Entre o paraíso de Beethoven e o inferno da ultraviolência
Palco quase nu, com janelas que dão para a rua, ao fundo. No centro do campo visual, um piano e uma orquestra (de brinquedos), mesmo por baixo do vidro inclinado que às vezes se torna espelho. Do lado esquerdo, uma porta com néon azul, como se fosse o caminho que leva ao Céu. Do lado direito, uma porta com néon vermelho, como se fosse a entrada do Inferno. É neste lugar intermédio, espécie de purgatório sem adereços, que se cruzam as bizarras personagens de Uma Laranja Mecânica - Uma Peça com Música, a versão teatral da famosa novela Laranja Mecânica, de Anthony Burgess, feita pelo próprio. O espectáculo estreia esta noite, às 21.30, no Grande Auditório da Culturgest, em Lisboa.
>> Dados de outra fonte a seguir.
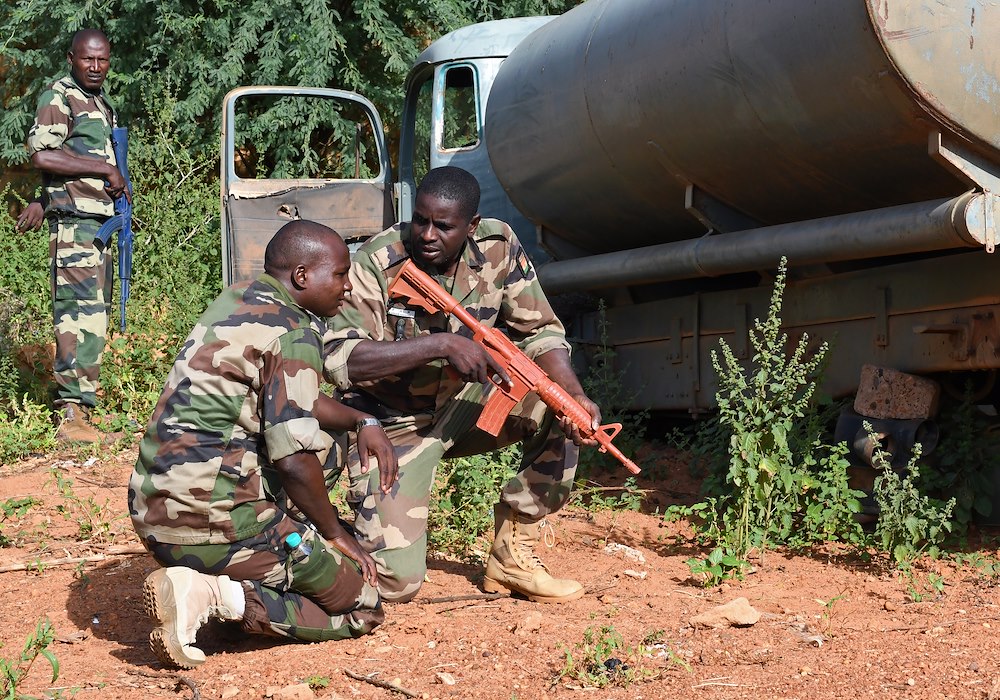 U.S. advisors train with Nigerien forces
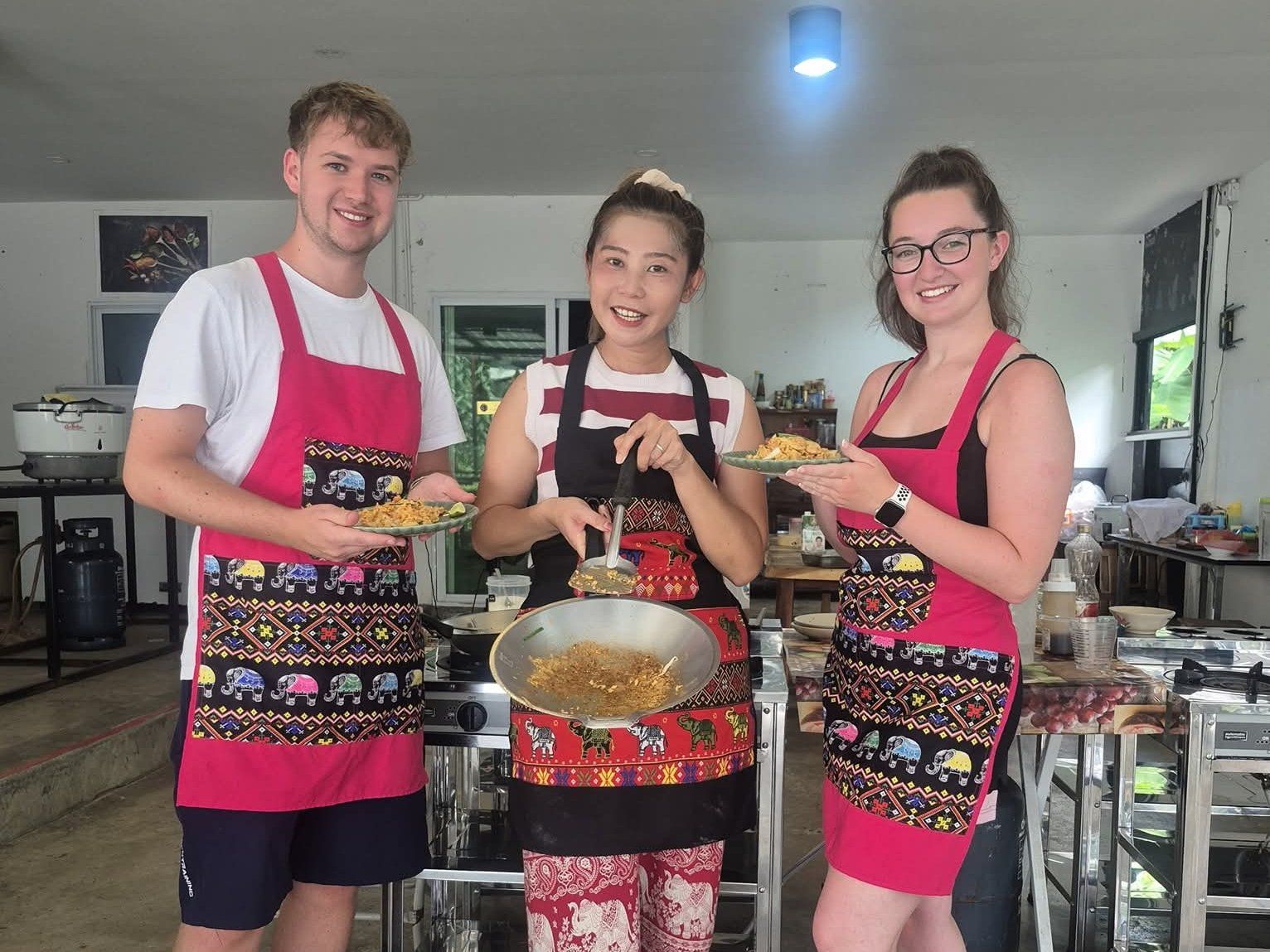 Chiang Mai Culinary Experience: Market Tour & Thai Cooking Class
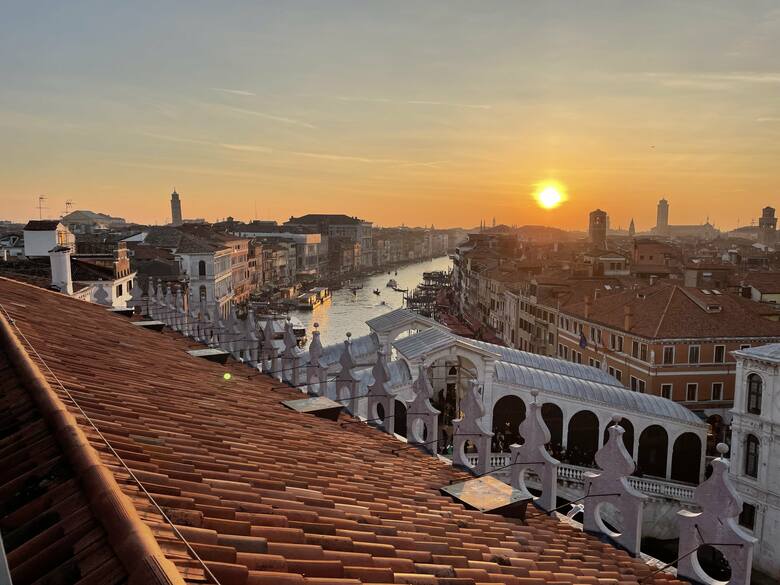 Zachód słońca nad Wielkim Kanałem w Wenecji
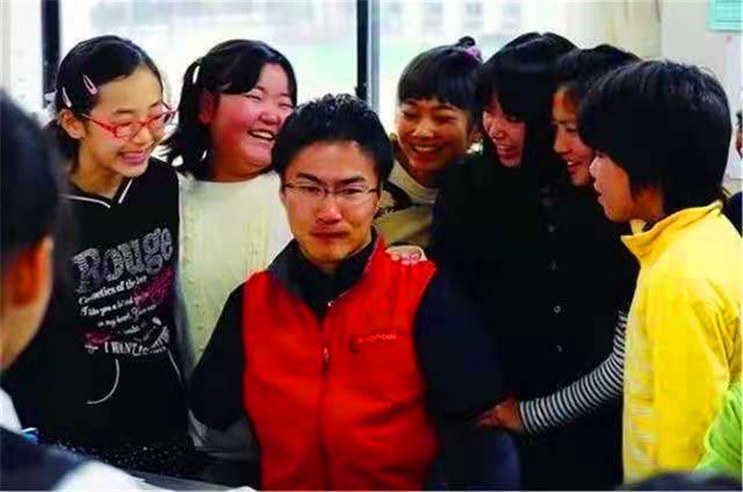 天生没有双手和双脚 却出轨长达15年 染指50名女性 他是如何做到的 腾讯新闻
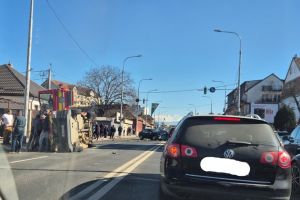 Accident grav în Sibiu: ambulanţă SMURD răsturnată după o tamponare / video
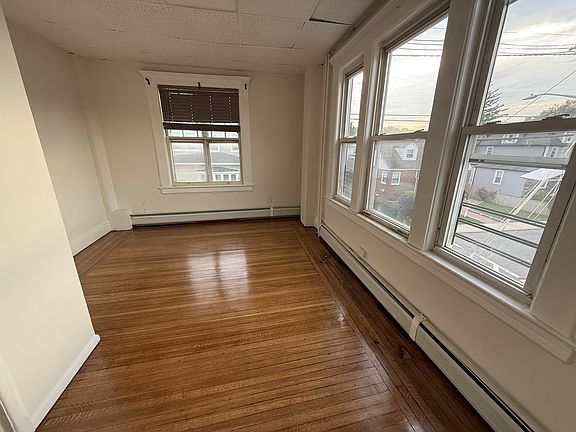 3rd image of 72 Hazelton St APT 3
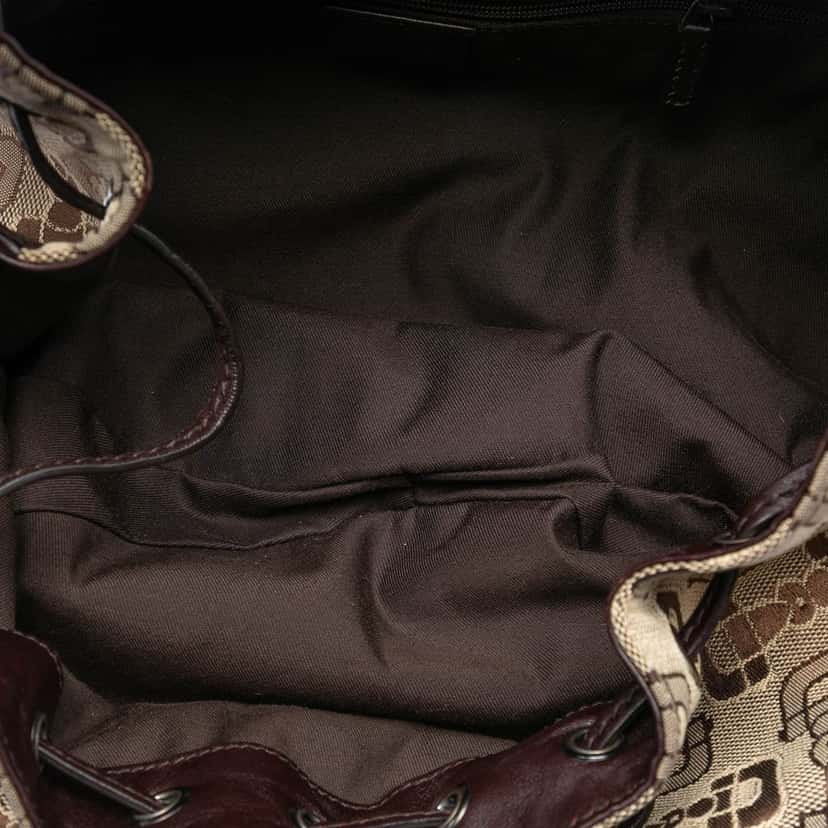 Gucci Horsebit Canvas Hobo Beige Very good condition - Model View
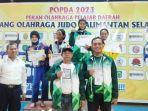Penyerahan-medali-pemenang-judo-Popda-Kalsel-di-GOR-H-Bambang-Teluk-Tiram-Banjarmasin-27052023.jpg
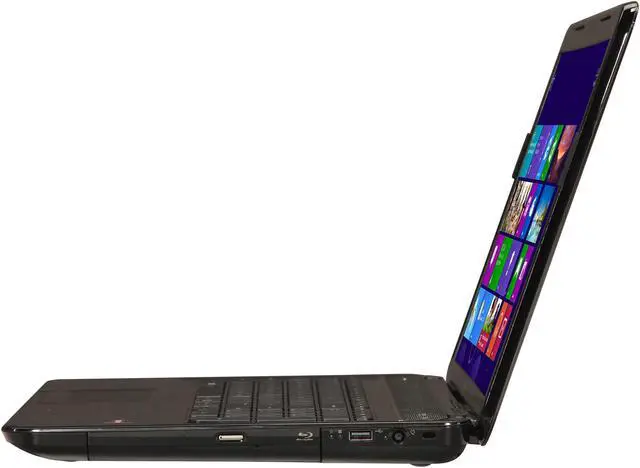 Alt view image 2 of 8 - HP Laptop AMD A6-4400M 6GB Memory 500GB HDD AMD Radeon HD 7520G 17.3" Windows 8 g7-2246nr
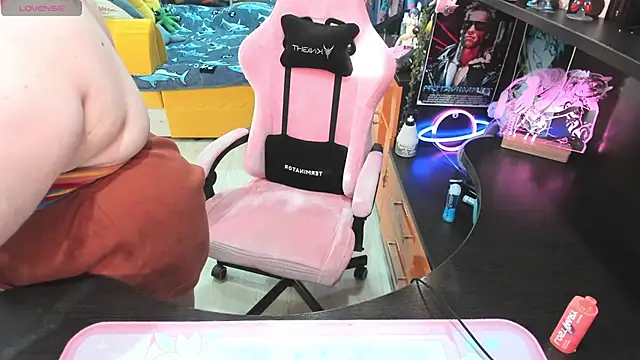 Softie Sofy online show from 10/16/25, 03:29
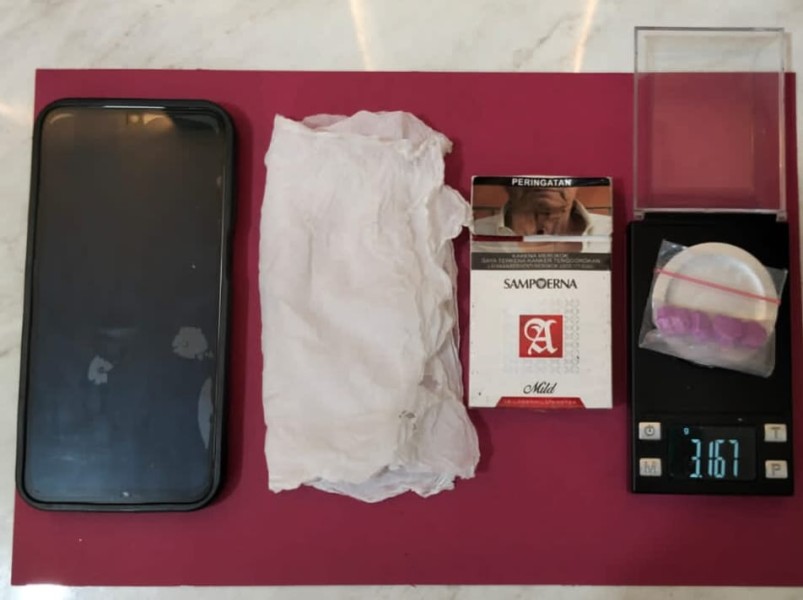 Grebek Tempat Karaoke, Polsek Tambusai Utara Tangkap Seorang Wanita, Amankan Enam Butir Pil Ekstasi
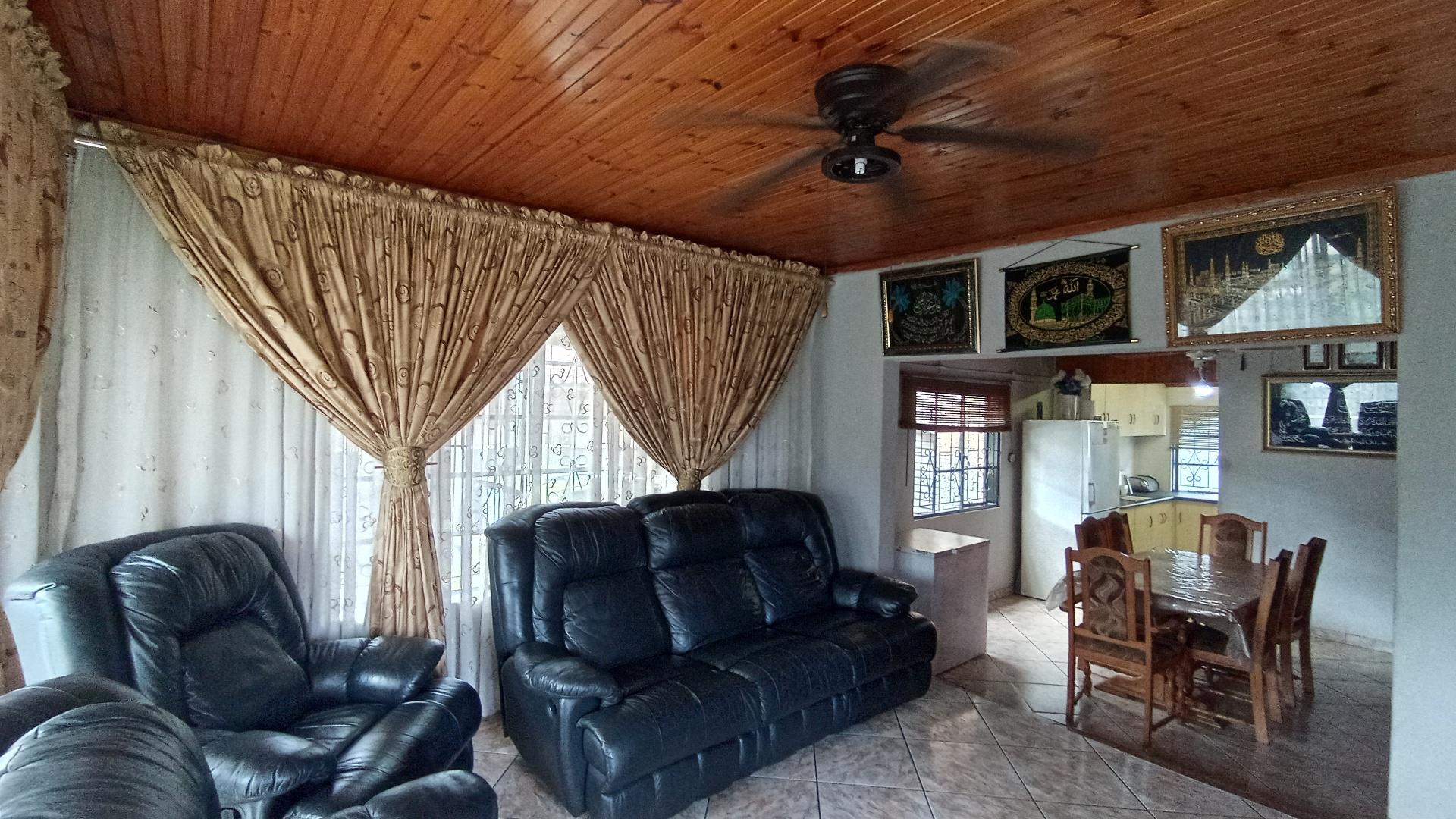 Lounges - 20 square meters of property in Northdale (PMB)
Quem descobriu a história de Alex - adolescente adepto da "ultraviolência" e da música sinfónica de Beethoven - no filme de Stanley Kubrick (A Clockwork Orange, 1971) vai reconhecer os traços gerais da narrativa. Estão lá as rixas dos rapazes sem tino nem moral; o bar Korova, onde se bebe "moloko" (leite); as cenas bastante gráficas de violação e homicídio, transformadas em sórdidas coreografias; a traição que lança Alex nos labirintos de um sistema prisional diabólico e demagogo; está lá a voluntária lavagem ao cérebro do criminoso em busca do sacrifício que o redima (um tratamento pavloviano que associa os impulsos agressivos - mas também a adorada música de Beethoven - a um tormento físico paralisante); está lá o desastre humano que resulta de tudo isso; e até as muitas frases ditas em nadsat, o calão que mistura (deturpando-as) palavras inglesas e russas.
Mas depois está também, o que faz toda a diferença, o capítulo final da história que Kubrick, ao adaptar a versão americana do livro, simplesmente anulou. Um final mais optimista, em que Alex cresce (deixa de ser novo, essa "espécie de doença") e reforça a vitória do livre-arbítrio sobre o condicionamento da vontade, aplicada pelo poder opressor do Estado.
Manuel Wiborg, encenador da peça, realça a inteligência da leitura dramatúrgica de Burgess, ao adaptar o seu livro para uso de qualquer grupo teatral. "Ele escreveu isto depois do filme, para pôr os pontos nos ii em relação ao Kubrick. Vê-se que é uma obra muito pensada. O que aliás só me facilitou a vida", diz Wiborg, não escondendo um sorriso.
A habilidade de Burgess está no recentramento da narrativa, que passa pela condensação extrema das cenas mais conhecidas do filme (toda a parte inicial, aqui abreviadíssima) e pelo desvio do foco da história, agora muito mais sobre a resistência de Alex aos métodos científicos - capazes de o obrigar a ser bom - do que sobre a sua história de marginal transgressor. Wiborg reconhece, ainda assim, a dificuldade de descolar a memória do filme da cabeça dos espectadores.
Responsável pela "orientação musical" do que se vê em palco, José Eduardo Rocha orquestrou e adaptou a partitura escrita por Burgess (a partir de pastiches dos principais temas das sinfonias de Beethoven), juntando-lhe "algumas coisas que faltavam e sobre as quais ele apenas dá sugestões". Como é seu timbre, JER recorre a instrumentos de plástico (entre os quais um violino Chicco) "O Manel disse logo que os brinquedos tinham para ele um sentido dramático muito grande, como têm para mim." Por outro lado, o frenesim festivo que provocam, sempre à beira do delírio, adequa-se particularmente bem ao espírito do texto.
O espectáculo está em cena todos os dias, até ao próximo domingo.